━━━━━ Collected material

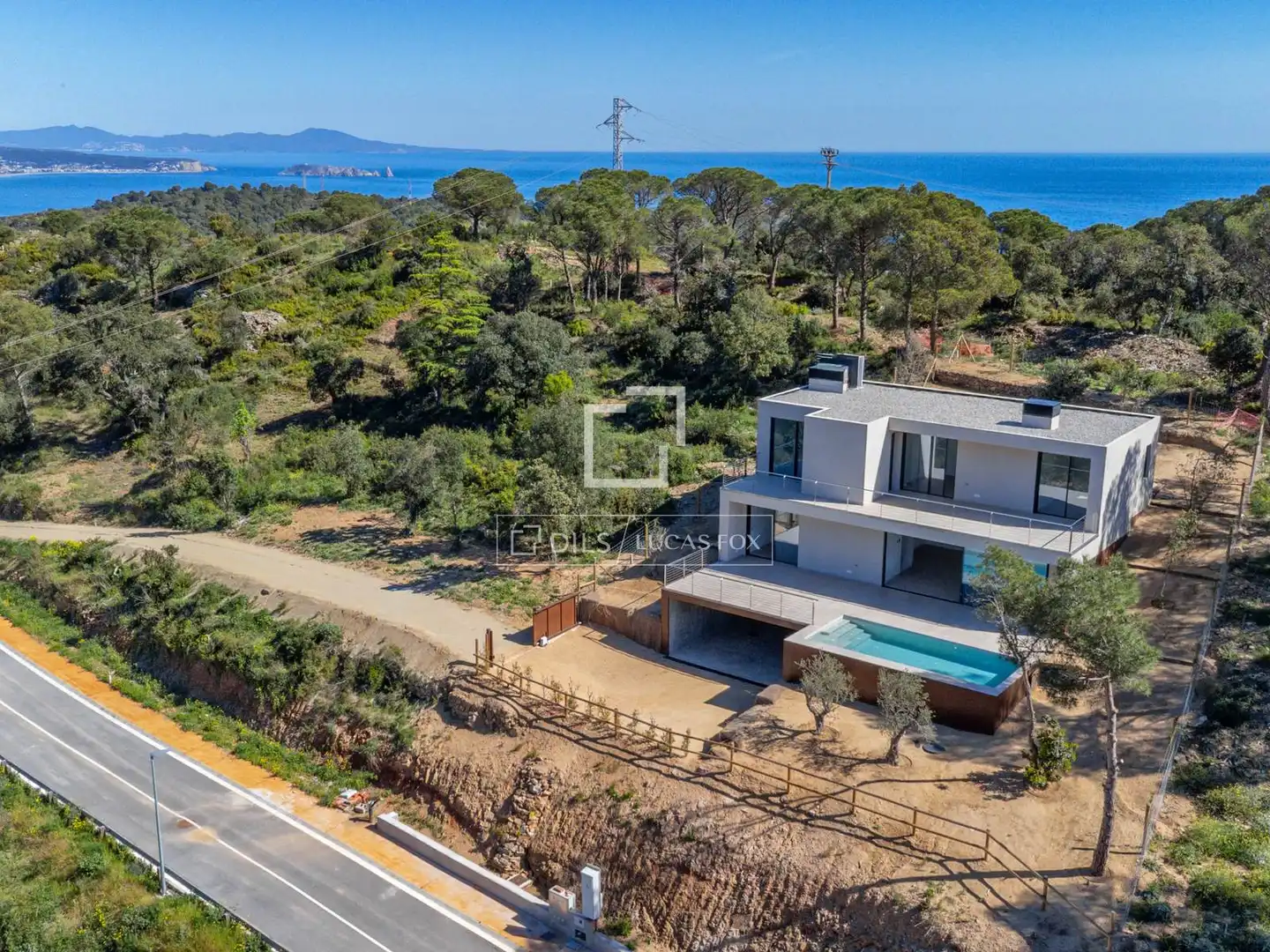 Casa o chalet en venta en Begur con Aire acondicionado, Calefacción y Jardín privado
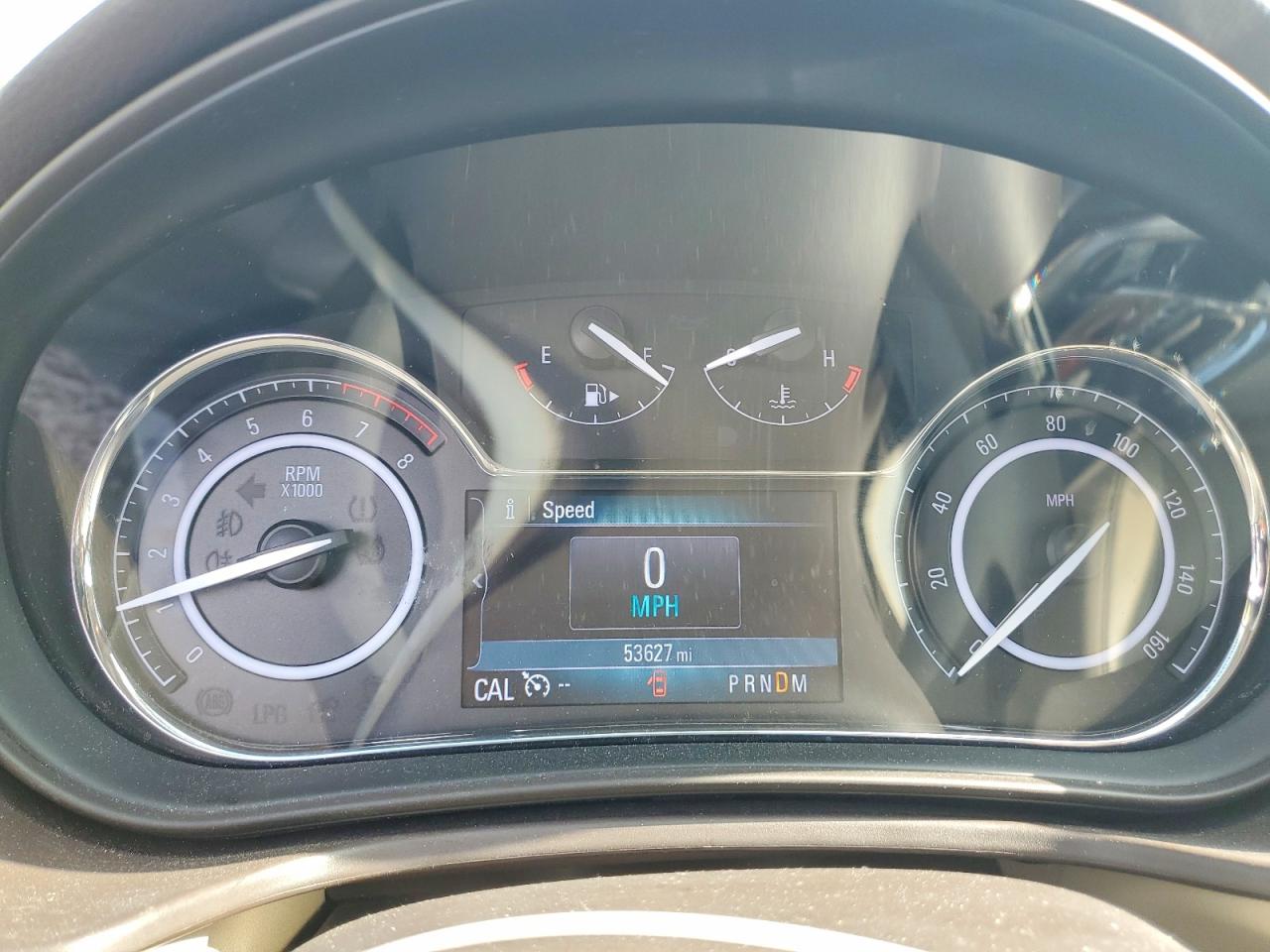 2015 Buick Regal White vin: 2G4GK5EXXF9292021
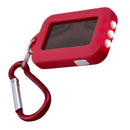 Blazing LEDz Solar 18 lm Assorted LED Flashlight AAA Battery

━━━━━━━━━━

▸ **Description of the task**
None of the pictures belong in the copy; transcribe the rest of the data exactly.

▸ **Response to this exercise**
 Casa o chalet en venta en Begur con Aire acondicionado, Calefacción y Jardín privado
 2015 Buick Regal White vin: 2G4GK5EXXF9292021
 Blazing LEDz Solar 18 lm Assorted LED Flashlight AAA Battery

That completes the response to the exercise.